The Trypanosoma rangeli histone H2A gene sequence serves as a differential marker for KP1 strains.

Trypanosoma rangeli has recently been divided in two primary lineages denoted as KP1(+) and KP1(-) strains because of epidemiological and evolutionary interest in the molecular differentiation of these two groups. We report the molecular characterization of the genes encoding histone H2A protein from a T. rangeli KP1(+) strain (H14), its comparison to T. rangeli KP1(-) strain (C23) histone H2A coding genes [Puerta, C., Cuervo, P., Thomas, M.C., López, M.C., 2000. Molecular characterization of the histone H2A gene from the parasite Trypanosoma rangeli. Parasitol. Res. 86, 916-922], and its application in a low-stringency single specific primer polymerase chain reaction (LSSP-PCR) assay to differentiate these parasite groups. The results show that the locus encoding the H2A protein in the H14 strain is formed by at least 11 gene units measuring 799 nucleotides in length, organized in tandem, and located in two chromosomes of approximately 1.9 and 1.1Mb in size. Remarkably, in KP1(-) strains these genes are on pairs of chromosomes of about 1.7 and 1.9Mb. In addition, there is a hybridization signal in the compression region above 2.1Mb in all T. rangeli strains. Therefore, the chromosomal location of these genes is a useful marker to distinguish between KP1(+) and KP1(-) T. rangeli strains.

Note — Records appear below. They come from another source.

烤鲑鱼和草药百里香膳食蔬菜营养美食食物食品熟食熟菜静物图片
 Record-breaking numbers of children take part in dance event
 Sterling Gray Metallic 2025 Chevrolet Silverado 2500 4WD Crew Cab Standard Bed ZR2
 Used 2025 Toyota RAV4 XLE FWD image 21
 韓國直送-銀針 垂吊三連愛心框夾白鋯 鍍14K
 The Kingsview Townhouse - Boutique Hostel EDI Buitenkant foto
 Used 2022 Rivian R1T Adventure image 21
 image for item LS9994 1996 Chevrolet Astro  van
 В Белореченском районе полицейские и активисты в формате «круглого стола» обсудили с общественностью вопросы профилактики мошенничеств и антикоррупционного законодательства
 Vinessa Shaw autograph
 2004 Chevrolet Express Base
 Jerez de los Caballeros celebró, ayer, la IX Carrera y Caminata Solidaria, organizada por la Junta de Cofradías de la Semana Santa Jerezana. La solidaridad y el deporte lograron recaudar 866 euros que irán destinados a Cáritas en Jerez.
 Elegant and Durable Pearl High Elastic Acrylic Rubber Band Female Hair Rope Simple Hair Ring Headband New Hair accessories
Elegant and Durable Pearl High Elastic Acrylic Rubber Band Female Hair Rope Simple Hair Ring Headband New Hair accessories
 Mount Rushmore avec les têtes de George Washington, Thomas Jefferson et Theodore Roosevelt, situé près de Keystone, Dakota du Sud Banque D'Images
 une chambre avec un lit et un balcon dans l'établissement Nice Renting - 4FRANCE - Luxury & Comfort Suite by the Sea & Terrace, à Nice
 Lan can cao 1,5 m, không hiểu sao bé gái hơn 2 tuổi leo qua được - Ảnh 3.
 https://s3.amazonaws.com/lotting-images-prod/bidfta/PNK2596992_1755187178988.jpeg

The alignment of the H2A nucleotide sequences from H14 and C23 strains showed an identity of 99.5% between the coding regions and an identity of 95% between the non-coding regions. The deduced amino acid sequences proved to be identical. Based on 5% of the difference between the intergenic regions, we developed a LSSP-PCR assay which can differentiate between KP1(+) and KP1(-) strains.